### ACTION ITEM
Only the lines from the one containing "2012 Kia Soul" through the one containing "APPARTEMENT AVEC JARDIN ET PARKING" should be printed, exactly as they appear below, with both ends included.

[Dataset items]
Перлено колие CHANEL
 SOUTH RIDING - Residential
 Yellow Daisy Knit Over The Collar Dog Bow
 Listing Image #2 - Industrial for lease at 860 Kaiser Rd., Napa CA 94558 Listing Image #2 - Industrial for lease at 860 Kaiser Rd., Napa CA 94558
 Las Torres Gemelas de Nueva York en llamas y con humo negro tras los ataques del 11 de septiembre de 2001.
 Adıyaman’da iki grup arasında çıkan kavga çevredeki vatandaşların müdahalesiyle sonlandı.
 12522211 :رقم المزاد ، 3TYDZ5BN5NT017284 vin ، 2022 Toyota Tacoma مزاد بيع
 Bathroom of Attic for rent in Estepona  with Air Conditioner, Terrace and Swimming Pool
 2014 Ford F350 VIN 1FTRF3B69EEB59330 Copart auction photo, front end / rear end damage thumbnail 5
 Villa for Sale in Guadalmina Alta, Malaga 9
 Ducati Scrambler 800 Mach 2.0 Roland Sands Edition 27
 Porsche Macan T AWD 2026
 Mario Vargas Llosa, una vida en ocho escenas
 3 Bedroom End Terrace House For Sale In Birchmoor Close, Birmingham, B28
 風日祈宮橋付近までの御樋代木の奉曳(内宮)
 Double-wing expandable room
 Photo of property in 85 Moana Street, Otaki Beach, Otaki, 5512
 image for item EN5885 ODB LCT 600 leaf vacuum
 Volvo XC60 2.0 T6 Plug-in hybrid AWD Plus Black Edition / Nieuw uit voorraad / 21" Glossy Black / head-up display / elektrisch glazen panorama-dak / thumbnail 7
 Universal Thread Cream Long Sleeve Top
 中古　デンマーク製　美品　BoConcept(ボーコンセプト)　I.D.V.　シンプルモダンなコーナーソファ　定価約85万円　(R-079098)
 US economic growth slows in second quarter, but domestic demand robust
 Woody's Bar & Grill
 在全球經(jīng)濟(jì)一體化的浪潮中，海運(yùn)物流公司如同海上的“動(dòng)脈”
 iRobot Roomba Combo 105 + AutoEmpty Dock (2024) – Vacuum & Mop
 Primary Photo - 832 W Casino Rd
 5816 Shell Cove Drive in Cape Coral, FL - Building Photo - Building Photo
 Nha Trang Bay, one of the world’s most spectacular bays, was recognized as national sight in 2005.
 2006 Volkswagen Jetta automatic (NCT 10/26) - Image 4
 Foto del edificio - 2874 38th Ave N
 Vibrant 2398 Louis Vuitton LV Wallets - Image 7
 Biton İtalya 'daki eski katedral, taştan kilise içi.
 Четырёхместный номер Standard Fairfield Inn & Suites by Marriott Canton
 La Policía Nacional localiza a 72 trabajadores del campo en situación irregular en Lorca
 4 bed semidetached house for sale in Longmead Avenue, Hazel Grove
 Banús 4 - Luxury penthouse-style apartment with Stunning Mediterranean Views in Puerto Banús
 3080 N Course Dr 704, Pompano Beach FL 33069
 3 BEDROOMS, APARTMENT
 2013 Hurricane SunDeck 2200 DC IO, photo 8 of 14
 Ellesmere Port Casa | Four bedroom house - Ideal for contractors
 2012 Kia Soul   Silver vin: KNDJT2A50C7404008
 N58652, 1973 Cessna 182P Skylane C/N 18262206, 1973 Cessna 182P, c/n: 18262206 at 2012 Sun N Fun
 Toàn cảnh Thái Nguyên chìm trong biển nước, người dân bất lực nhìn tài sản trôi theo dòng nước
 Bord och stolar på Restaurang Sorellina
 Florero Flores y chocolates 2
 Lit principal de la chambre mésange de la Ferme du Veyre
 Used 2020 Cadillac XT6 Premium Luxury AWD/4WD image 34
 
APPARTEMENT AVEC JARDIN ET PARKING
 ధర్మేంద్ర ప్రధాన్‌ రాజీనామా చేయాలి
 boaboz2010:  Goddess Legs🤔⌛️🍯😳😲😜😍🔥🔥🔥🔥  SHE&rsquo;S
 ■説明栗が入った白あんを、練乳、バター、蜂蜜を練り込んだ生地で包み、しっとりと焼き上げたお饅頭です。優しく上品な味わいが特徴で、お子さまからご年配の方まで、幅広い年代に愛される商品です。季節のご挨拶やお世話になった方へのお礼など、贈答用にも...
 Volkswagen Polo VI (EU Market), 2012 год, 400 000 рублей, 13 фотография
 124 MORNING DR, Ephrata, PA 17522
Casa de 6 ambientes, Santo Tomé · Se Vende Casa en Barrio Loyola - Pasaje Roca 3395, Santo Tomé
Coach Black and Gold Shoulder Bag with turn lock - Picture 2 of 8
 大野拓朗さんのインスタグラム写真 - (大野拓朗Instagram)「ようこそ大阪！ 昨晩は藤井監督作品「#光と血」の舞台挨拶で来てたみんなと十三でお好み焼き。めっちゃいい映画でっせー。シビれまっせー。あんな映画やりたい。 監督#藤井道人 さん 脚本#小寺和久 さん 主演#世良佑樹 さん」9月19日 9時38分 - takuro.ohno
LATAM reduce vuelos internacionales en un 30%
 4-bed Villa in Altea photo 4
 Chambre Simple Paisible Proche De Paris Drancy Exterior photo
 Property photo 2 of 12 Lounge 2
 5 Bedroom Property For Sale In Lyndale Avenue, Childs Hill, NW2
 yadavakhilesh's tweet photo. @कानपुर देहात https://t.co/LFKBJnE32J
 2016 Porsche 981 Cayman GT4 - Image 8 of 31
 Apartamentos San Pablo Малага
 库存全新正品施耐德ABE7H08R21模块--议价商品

### WORKED SOLUTION
 2012 Kia Soul   Silver vin: KNDJT2A50C7404008
 N58652, 1973 Cessna 182P Skylane C/N 18262206, 1973 Cessna 182P, c/n: 18262206 at 2012 Sun N Fun
 Toàn cảnh Thái Nguyên chìm trong biển nước, người dân bất lực nhìn tài sản trôi theo dòng nước
 Bord och stolar på Restaurang Sorellina
 Florero Flores y chocolates 2
 Lit principal de la chambre mésange de la Ferme du Veyre
 Used 2020 Cadillac XT6 Premium Luxury AWD/4WD image 34
 
APPARTEMENT AVEC JARDIN ET PARKING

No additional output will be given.